What to produce
Your task is to write out the entire listing exactly, omitting its pictures.

Data shown

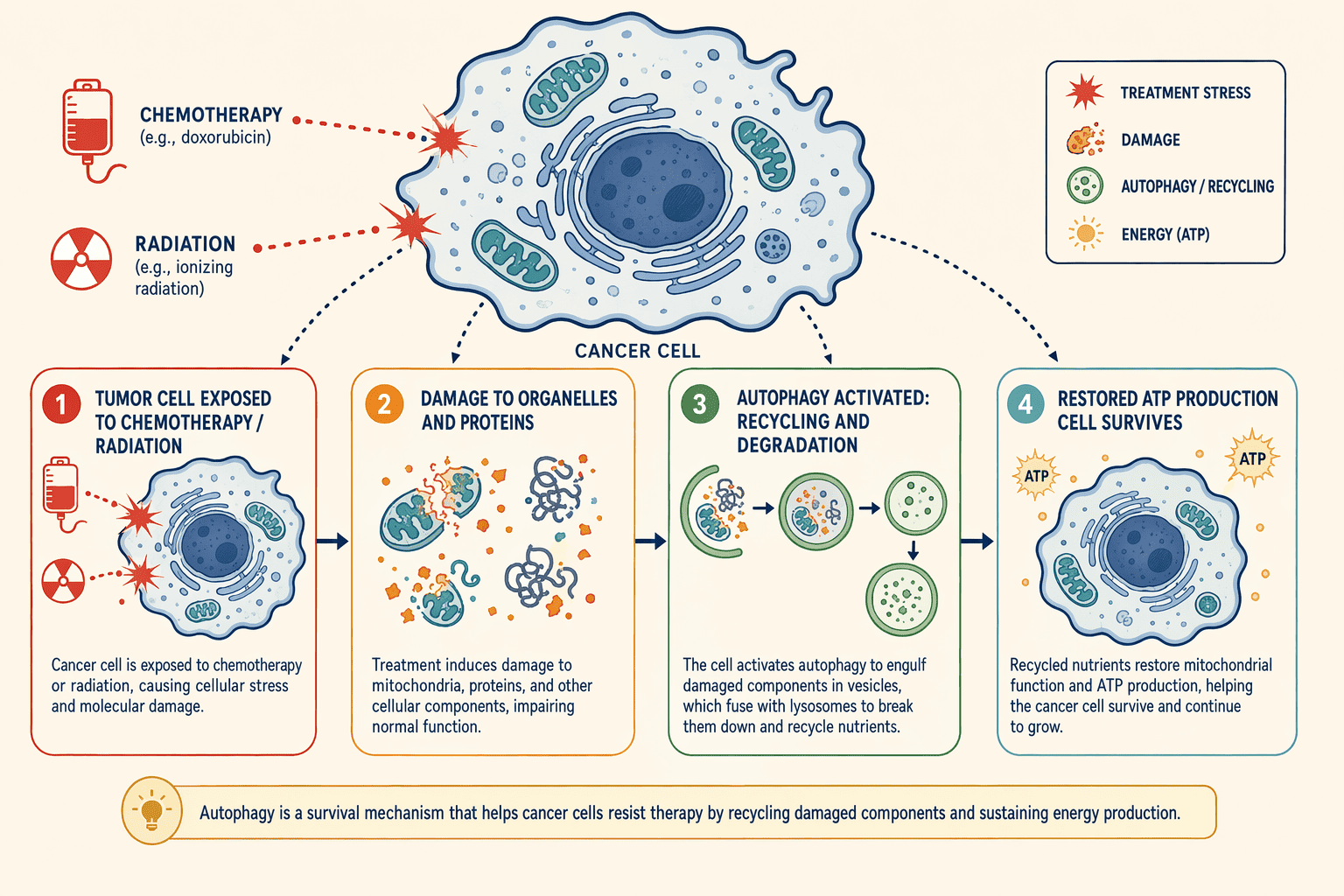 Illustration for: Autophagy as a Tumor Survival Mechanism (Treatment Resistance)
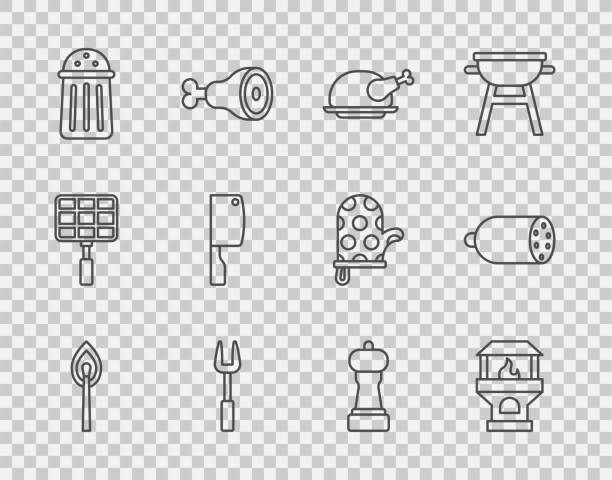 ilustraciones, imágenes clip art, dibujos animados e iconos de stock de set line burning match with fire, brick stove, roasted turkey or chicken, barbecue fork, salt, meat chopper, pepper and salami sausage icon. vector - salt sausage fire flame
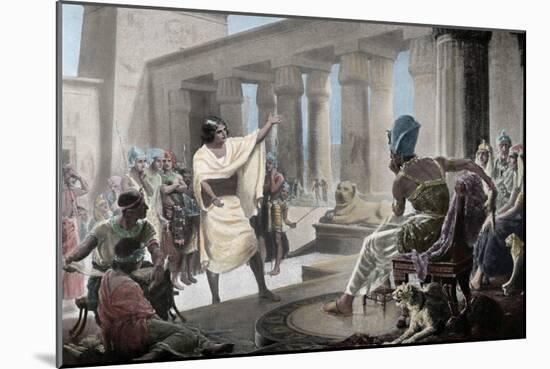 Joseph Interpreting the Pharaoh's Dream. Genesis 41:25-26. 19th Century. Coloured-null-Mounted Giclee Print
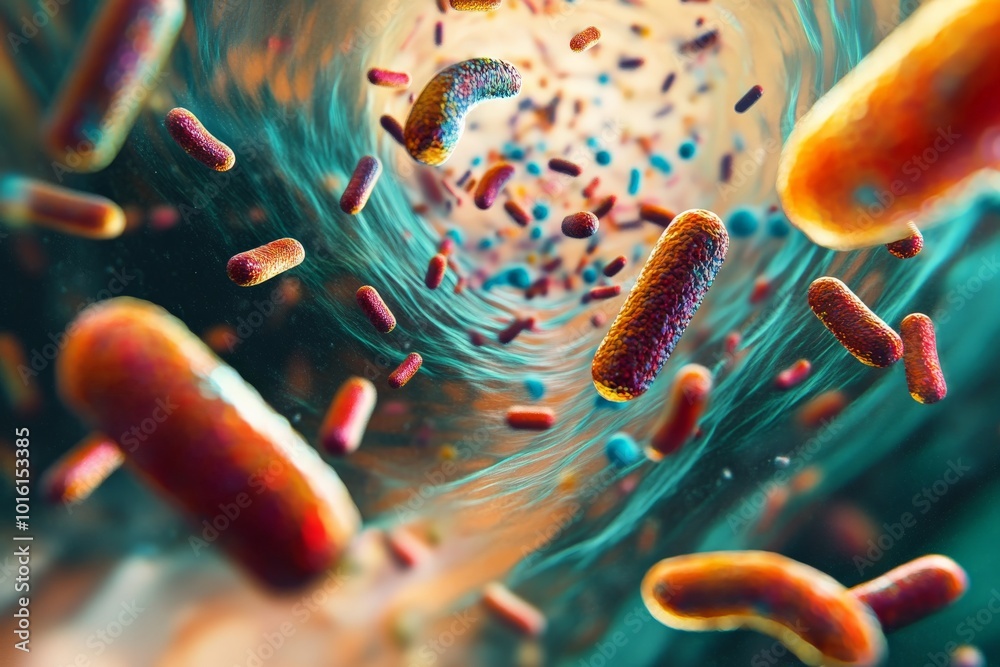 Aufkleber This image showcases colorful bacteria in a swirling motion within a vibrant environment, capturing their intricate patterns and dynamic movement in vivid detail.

Response to the task
 Illustration for: Autophagy as a Tumor Survival Mechanism (Treatment Resistance)
 ilustraciones, imágenes clip art, dibujos animados e iconos de stock de set line burning match with fire, brick stove, roasted turkey or chicken, barbecue fork, salt, meat chopper, pepper and salami sausage icon. vector - salt sausage fire flame
 Joseph Interpreting the Pharaoh's Dream. Genesis 41:25-26. 19th Century. Coloured-null-Mounted Giclee Print
 Aufkleber This image showcases colorful bacteria in a swirling motion within a vibrant environment, capturing their intricate patterns and dynamic movement in vivid detail.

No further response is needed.